熟年の文化徒然雑記帳

徒然なるままに、クラシックや歌舞伎・文楽鑑賞、海外生活と旅、読書、生活随想、経済、経営、政治等々万の随想を書こうと思う。

映画「ロミオとジュリエット」1996年版

2023年11月07日 | 映画
   レオナルド・ディカプリオ主演の1996年に製作されたアメリカ映画「ロミオとジュリエット」、
   時代設定を現代に置き換えて、モンタギュー家とキャピュレット家両家の争いをマフィア同士の抗争に変換。したがって、舞台はイタリアのヴェローナではなく、アメリカナイズされた架空の都市ヴェローナ・ビーチで、冒頭から、派手なアロハシャツを着たイカレポンチスタイルの若者たちが、高層ビルの谷間で、街を巻き込む銃撃戦を展開する。
   しかし、台詞は、シェイクスピアの戯曲をそのまま使っているようで、流れるような抑揚の効いたシェイクスピア節が心地よく、ダイナミックで畳みかけうようなスピーディな舞台展開に呼応して心地よい。
   時代背景を忠実になぞったフランコ・ゼフィレッリ監督演出のオリビア・ハッセーの旧版と比べれば、印象は違ってくる。この作品があまりにも、シェイクスピアの意図した舞台に近いような感じで、それに、何回か、戯曲の舞台を観ていてシェイクスピアの「ロミオとジュリエット」の舞台のイメージが刷込まれているので、このディカプリオ版には、違和感があった。 
   尤も、オペラの世界でも、舞台の時代を現在に置き換えたバージョンが結構多い、例えば、「リゴレット」をニューヨークのマフィアの世界にした現代版なども観たが、他にも、結構新旧入り交じった舞台を観ているが、それなりに面白かったが、オリジナルのストーリーからイメージが乖離して戸惑ったことの方が多い。
   このディカプリオ版は、何回か観ているのだが、冒頭から馴染めず、バルコニーの場くらいで止めて切り上げていた。

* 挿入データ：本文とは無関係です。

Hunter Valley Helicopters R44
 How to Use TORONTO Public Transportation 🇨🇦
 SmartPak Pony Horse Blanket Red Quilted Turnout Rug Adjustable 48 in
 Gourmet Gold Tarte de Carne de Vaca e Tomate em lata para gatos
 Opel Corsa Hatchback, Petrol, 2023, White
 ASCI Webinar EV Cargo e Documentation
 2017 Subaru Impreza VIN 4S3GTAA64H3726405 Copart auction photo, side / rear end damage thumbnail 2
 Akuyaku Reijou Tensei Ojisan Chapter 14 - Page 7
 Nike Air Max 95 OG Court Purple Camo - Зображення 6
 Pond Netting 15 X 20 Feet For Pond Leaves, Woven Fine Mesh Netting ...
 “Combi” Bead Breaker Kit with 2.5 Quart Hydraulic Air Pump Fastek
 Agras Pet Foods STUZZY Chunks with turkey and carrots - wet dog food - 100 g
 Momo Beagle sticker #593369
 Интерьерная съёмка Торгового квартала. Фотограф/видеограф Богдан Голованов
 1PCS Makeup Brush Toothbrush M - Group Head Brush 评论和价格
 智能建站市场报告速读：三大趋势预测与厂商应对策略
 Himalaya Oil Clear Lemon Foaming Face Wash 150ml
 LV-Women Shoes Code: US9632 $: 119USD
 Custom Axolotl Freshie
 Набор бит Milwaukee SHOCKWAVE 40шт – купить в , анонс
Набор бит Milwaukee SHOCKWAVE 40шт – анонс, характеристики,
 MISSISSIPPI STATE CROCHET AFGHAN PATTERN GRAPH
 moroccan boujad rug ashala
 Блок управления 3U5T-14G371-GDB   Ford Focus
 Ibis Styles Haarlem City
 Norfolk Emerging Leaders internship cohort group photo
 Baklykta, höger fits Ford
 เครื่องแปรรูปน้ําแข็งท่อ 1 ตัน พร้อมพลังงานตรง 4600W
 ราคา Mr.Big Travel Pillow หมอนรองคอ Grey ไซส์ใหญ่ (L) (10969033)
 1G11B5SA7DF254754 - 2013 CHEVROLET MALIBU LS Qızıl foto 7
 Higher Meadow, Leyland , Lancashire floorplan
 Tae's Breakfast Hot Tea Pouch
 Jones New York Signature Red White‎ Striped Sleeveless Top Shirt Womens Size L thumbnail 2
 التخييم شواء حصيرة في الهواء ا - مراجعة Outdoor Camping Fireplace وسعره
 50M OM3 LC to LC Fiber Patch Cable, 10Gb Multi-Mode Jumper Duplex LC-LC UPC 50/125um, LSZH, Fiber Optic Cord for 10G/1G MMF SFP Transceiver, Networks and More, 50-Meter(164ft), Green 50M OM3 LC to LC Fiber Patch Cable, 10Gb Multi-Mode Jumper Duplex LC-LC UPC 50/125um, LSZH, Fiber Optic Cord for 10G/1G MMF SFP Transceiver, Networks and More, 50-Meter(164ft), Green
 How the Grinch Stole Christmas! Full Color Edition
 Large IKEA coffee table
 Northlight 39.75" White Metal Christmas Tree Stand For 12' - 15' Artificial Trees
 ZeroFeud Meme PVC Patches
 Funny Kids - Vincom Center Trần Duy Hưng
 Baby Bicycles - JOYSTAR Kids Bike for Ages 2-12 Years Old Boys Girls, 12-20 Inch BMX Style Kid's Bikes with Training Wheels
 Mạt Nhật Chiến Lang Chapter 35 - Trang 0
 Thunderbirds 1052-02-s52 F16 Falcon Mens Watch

今回は、アクロイドのシェイクスピア伝を読んだ所為もあり、思い切って最後まで観たのだが、きめ細かい演出や画像処理にも惹きつけられて結構面白かった。
   一途に恋に突っ走る二人の恋人ロミオのレオナルド・ディカプリオとジュリエットのクレア・デインズの清新な演技が素晴しかった。

   シェイクスピアの戯曲は、ほぼ次の通り。
   14世紀のイタリアの都市ヴェローナ。名門のモンタギュー家とキャピュレット家は代々対立抗争に明け暮れている。
   モンタギュー家の一人息子ロミオは、友人達とキャピュレット家のパーティに忍び込んで、キャピュレット家の一人娘ジュリエットに出会い、互いに一目惚れで恋におちる。二人は修道院に行き、修道僧ロレンスの導きで秘かに結婚式を挙げる。ロレンスは二人の結婚が、両家の争いに終止符を打つきっかけになればと期待する。
   喜び勇んで帰ってきたロミオは、両家の若者たちの街頭での争いに巻き込まれる。運悪く、親友・マキューシオを殺されたことに逆上して、キャピュレット夫人の甥ティボルトを殺してしまう。このことからヴェローナの大公エスカラスは、ロミオを追放の罪に処する。一方、キャピュレットは悲しみにくれるジュリエットに、大公の親戚のパリスと結婚する事を命じる。
   切羽詰まったジュリエットがロレンスに助けを懇願すると、僅かな望みだとして、仮死の毒を使った計略を立てる。しかし、この計画を、追放されていたロミオに伝えるべく便りを送ったが届かず、ジュリエットが死んだと思ったロミオは、彼女の墓参りに来たパリスと決闘し殺してしまい、そして彼女の墓の側で毒薬を飲んで自殺する。その直後に仮死状態から目覚めたジュリエットは、ロミオの死を知って短剣で自殺する。真相を知ったが後の祭り、二人の死に悲嘆に暮れる両家は、ついに和解する。
   
    最後のロレンスのはかりごとから二人の死までのシーンは、舞台とは違った映画の特権、テンポの速い劇的なサスペンス・タッチの行き詰まるような舞台展開で、非常に面白い。
    口頭でジュリエットの死(仮死)を知らされて、決死の覚悟でヴェローナへと車でダッシュした瞬間後に、ロレンスの手紙が到着する間一髪の不運、
    死の床でジュリエットが仮死状態から解放されて動き始めたにもかかわらず、脇目を振らずに一途に死を決行するロミオは気付かず毒薬を煽り、瀕死の状態でジュリエットに対すが絶命、

    一目惚れで恋に落ち、ひたむきに求め合う、全く他の入り込む余地のない一途な純愛、
    絶頂期の幸せの境地であるはずが、冒頭から死の予感が色濃く滲み出た悲劇であるからこそ美しくて感動的、

    意中の人がいながら色香に迷って8歳年上のアンを身ごもらせて結婚を強いられた、色恋に弱かったというシェイクスピアが、どうして、このような純愛物語を描けたのか、
    「ロミオとジュリエット」を観る度に、不思議に思っている。